◆ Supplied material:
━━━━━━
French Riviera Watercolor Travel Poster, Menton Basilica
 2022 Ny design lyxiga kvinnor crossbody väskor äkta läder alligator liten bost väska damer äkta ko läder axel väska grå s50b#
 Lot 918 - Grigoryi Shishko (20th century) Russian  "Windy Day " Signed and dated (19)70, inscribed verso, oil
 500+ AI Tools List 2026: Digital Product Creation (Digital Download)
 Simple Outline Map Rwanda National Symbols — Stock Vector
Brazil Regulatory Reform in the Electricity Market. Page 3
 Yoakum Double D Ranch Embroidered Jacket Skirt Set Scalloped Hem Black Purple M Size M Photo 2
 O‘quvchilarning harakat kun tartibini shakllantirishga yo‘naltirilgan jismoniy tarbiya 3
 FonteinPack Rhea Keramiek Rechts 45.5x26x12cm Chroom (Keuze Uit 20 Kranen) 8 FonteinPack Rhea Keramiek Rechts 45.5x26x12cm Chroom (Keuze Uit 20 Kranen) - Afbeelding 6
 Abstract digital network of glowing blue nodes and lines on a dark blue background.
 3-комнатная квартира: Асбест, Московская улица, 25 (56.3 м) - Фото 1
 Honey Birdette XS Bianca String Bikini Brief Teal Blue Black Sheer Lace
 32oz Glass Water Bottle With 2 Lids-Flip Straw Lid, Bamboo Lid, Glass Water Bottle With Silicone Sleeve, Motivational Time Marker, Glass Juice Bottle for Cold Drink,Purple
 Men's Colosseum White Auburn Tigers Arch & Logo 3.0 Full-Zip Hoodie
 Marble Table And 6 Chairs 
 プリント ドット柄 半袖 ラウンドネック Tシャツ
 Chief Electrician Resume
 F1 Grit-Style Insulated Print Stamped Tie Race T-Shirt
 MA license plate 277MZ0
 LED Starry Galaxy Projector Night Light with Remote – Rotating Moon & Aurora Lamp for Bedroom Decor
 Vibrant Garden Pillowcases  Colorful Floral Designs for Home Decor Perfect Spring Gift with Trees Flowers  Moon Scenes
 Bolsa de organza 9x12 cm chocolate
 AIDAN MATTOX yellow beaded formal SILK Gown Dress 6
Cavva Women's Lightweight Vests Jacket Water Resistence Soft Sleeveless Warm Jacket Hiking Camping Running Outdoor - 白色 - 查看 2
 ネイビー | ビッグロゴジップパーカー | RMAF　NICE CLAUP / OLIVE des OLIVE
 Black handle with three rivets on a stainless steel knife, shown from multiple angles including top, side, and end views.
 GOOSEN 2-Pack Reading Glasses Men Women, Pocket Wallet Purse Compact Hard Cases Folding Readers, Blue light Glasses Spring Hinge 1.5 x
━━━━━━
◆ Work request: Every entry should be output again exactly as written.

◆ Output below:
French Riviera Watercolor Travel Poster, Menton Basilica
 2022 Ny design lyxiga kvinnor crossbody väskor äkta läder alligator liten bost väska damer äkta ko läder axel väska grå s50b#
 Lot 918 - Grigoryi Shishko (20th century) Russian  "Windy Day " Signed and dated (19)70, inscribed verso, oil
 500+ AI Tools List 2026: Digital Product Creation (Digital Download)
 Simple Outline Map Rwanda National Symbols — Stock Vector
Brazil Regulatory Reform in the Electricity Market. Page 3
 Yoakum Double D Ranch Embroidered Jacket Skirt Set Scalloped Hem Black Purple M Size M Photo 2
 O‘quvchilarning harakat kun tartibini shakllantirishga yo‘naltirilgan jismoniy tarbiya 3
 FonteinPack Rhea Keramiek Rechts 45.5x26x12cm Chroom (Keuze Uit 20 Kranen) 8 FonteinPack Rhea Keramiek Rechts 45.5x26x12cm Chroom (Keuze Uit 20 Kranen) - Afbeelding 6
 Abstract digital network of glowing blue nodes and lines on a dark blue background.
 3-комнатная квартира: Асбест, Московская улица, 25 (56.3 м) - Фото 1
 Honey Birdette XS Bianca String Bikini Brief Teal Blue Black Sheer Lace
 32oz Glass Water Bottle With 2 Lids-Flip Straw Lid, Bamboo Lid, Glass Water Bottle With Silicone Sleeve, Motivational Time Marker, Glass Juice Bottle for Cold Drink,Purple
 Men's Colosseum White Auburn Tigers Arch & Logo 3.0 Full-Zip Hoodie
 Marble Table And 6 Chairs 
 プリント ドット柄 半袖 ラウンドネック Tシャツ
 Chief Electrician Resume
 F1 Grit-Style Insulated Print Stamped Tie Race T-Shirt
 MA license plate 277MZ0
 LED Starry Galaxy Projector Night Light with Remote – Rotating Moon & Aurora Lamp for Bedroom Decor
 Vibrant Garden Pillowcases  Colorful Floral Designs for Home Decor Perfect Spring Gift with Trees Flowers  Moon Scenes
 Bolsa de organza 9x12 cm chocolate
 AIDAN MATTOX yellow beaded formal SILK Gown Dress 6
Cavva Women's Lightweight Vests Jacket Water Resistence Soft Sleeveless Warm Jacket Hiking Camping Running Outdoor - 白色 - 查看 2
 ネイビー | ビッグロゴジップパーカー | RMAF　NICE CLAUP / OLIVE des OLIVE
 Black handle with three rivets on a stainless steel knife, shown from multiple angles including top, side, and end views.
 GOOSEN 2-Pack Reading Glasses Men Women, Pocket Wallet Purse Compact Hard Cases Folding Readers, Blue light Glasses Spring Hinge 1.5 x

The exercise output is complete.